Look below for the line containing "Ruota Panoramica di" and the line containing "Kia Carnival 2023", then set down both and every line between them exactly, without pictures.

═════ Record excerpts

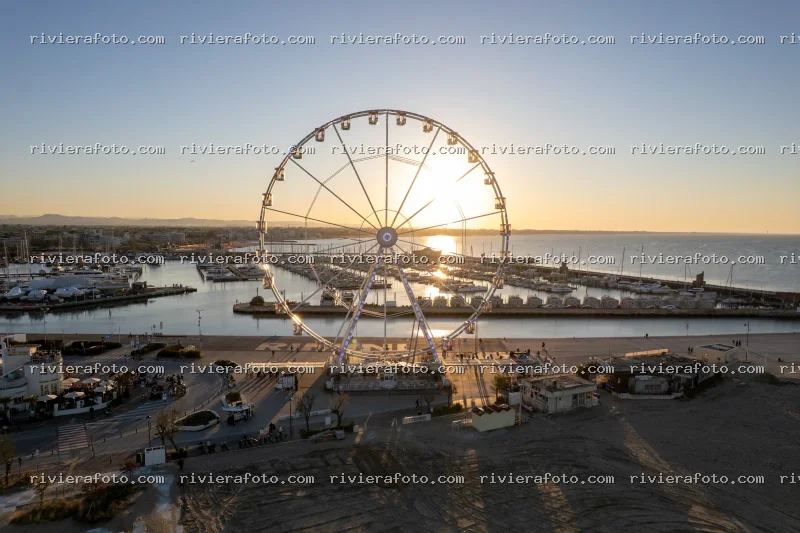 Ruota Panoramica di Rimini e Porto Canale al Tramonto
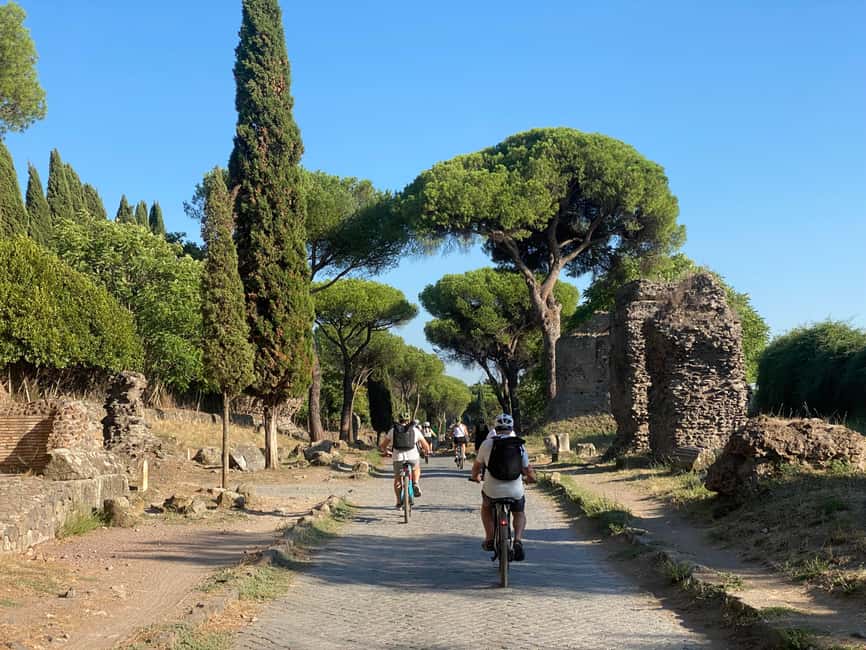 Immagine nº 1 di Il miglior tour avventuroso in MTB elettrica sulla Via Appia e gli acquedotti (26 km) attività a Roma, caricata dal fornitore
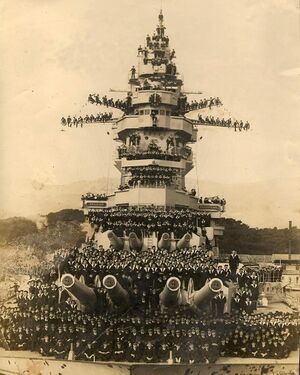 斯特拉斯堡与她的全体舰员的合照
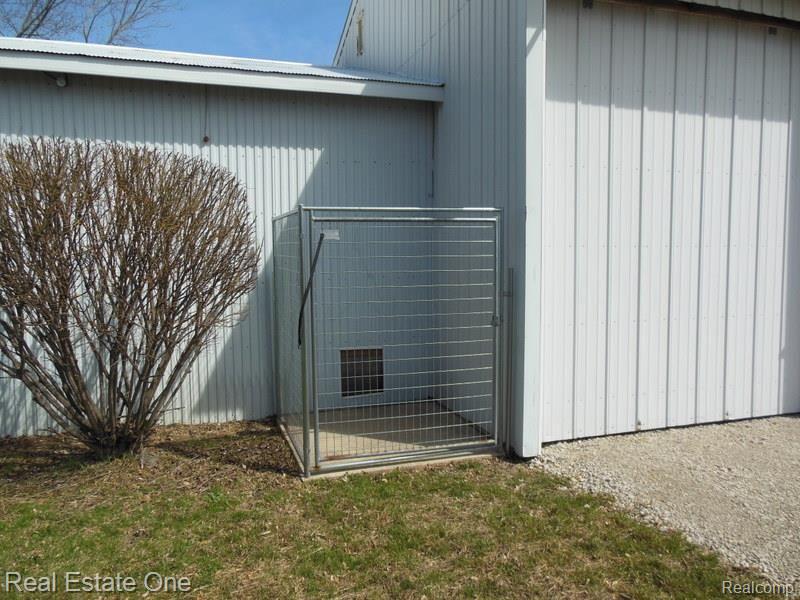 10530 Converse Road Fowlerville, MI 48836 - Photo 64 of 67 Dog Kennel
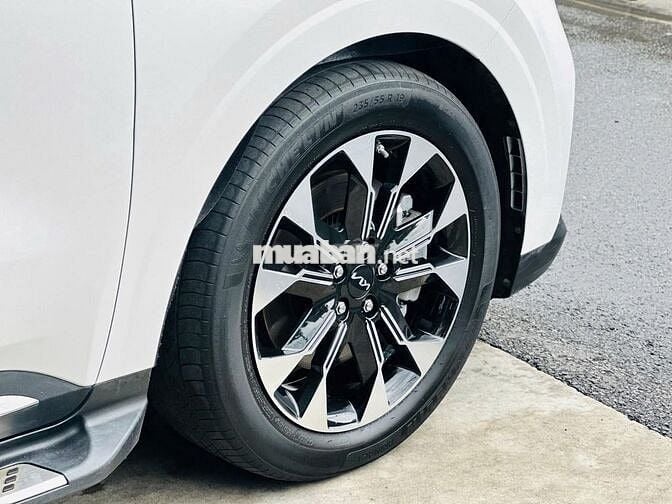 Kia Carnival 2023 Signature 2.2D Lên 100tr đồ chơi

══════════
═════ Record excerpts

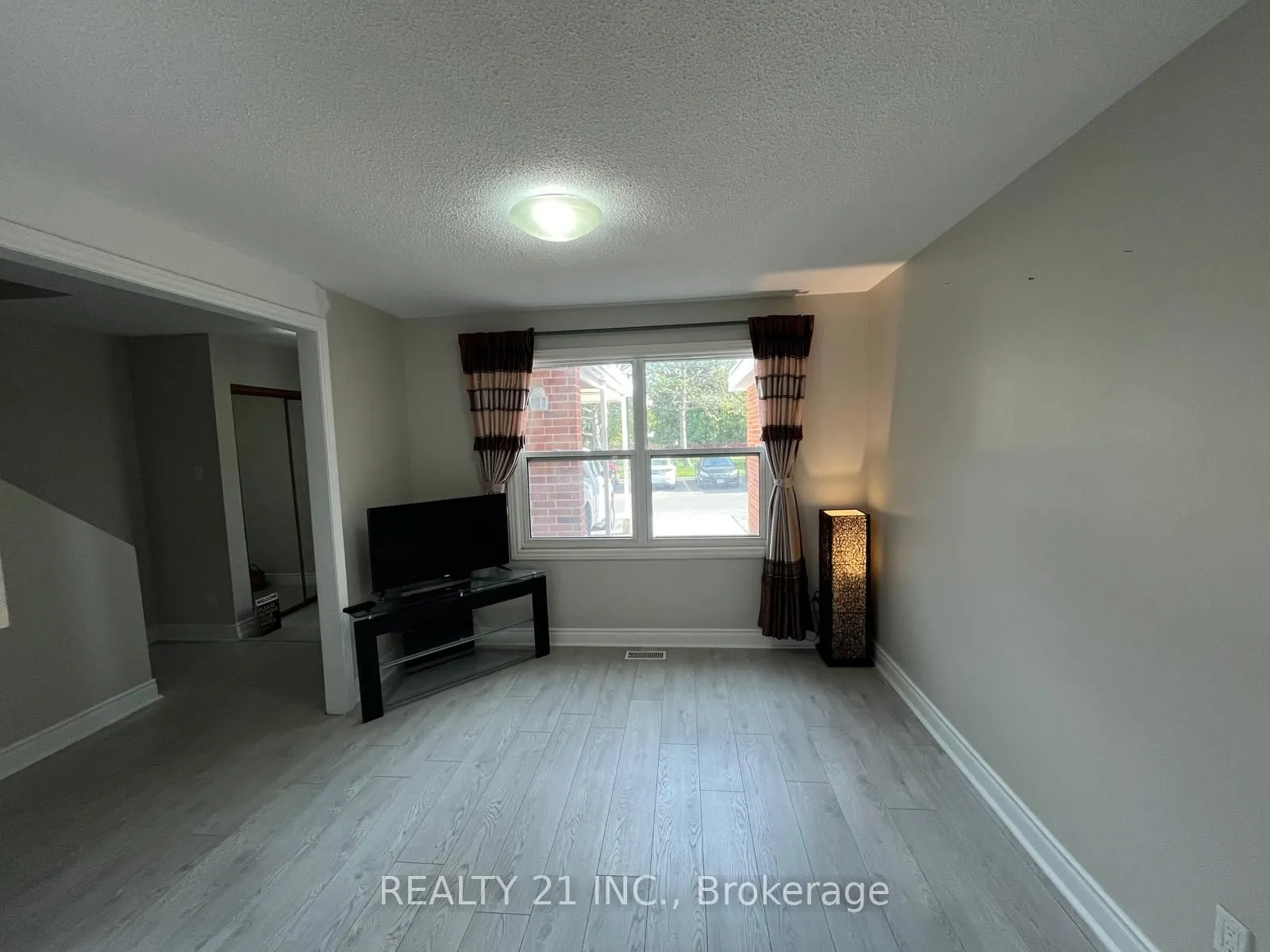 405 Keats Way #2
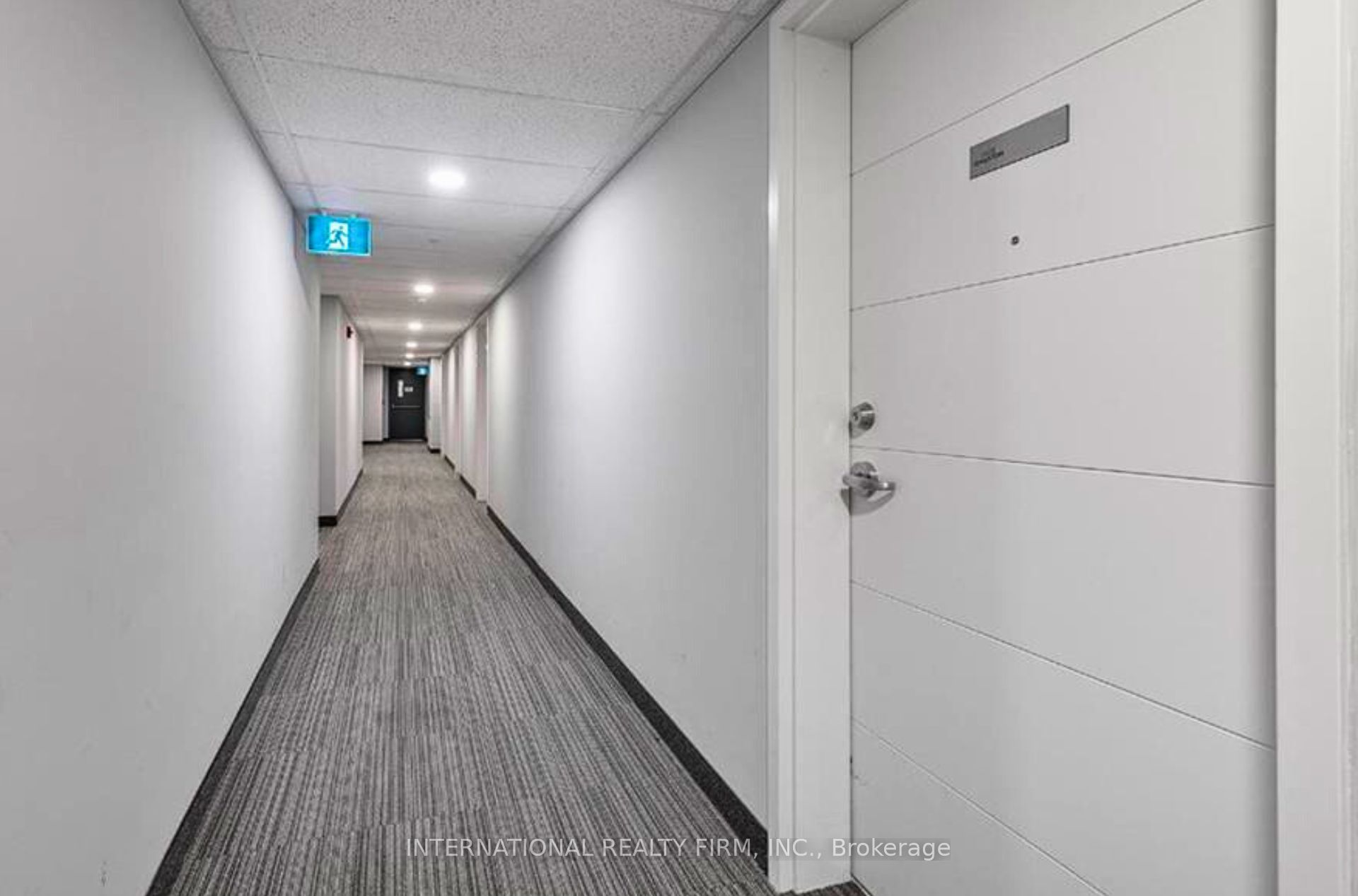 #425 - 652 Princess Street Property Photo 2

══════════

Reply to the task –
 Ruota Panoramica di Rimini e Porto Canale al Tramonto
 Immagine nº 1 di Il miglior tour avventuroso in MTB elettrica sulla Via Appia e gli acquedotti (26 km) attività a Roma, caricata dal fornitore
 斯特拉斯堡与她的全体舰员的合照
 10530 Converse Road Fowlerville, MI 48836 - Photo 64 of 67 Dog Kennel
 Kia Carnival 2023 Signature 2.2D Lên 100tr đồ chơi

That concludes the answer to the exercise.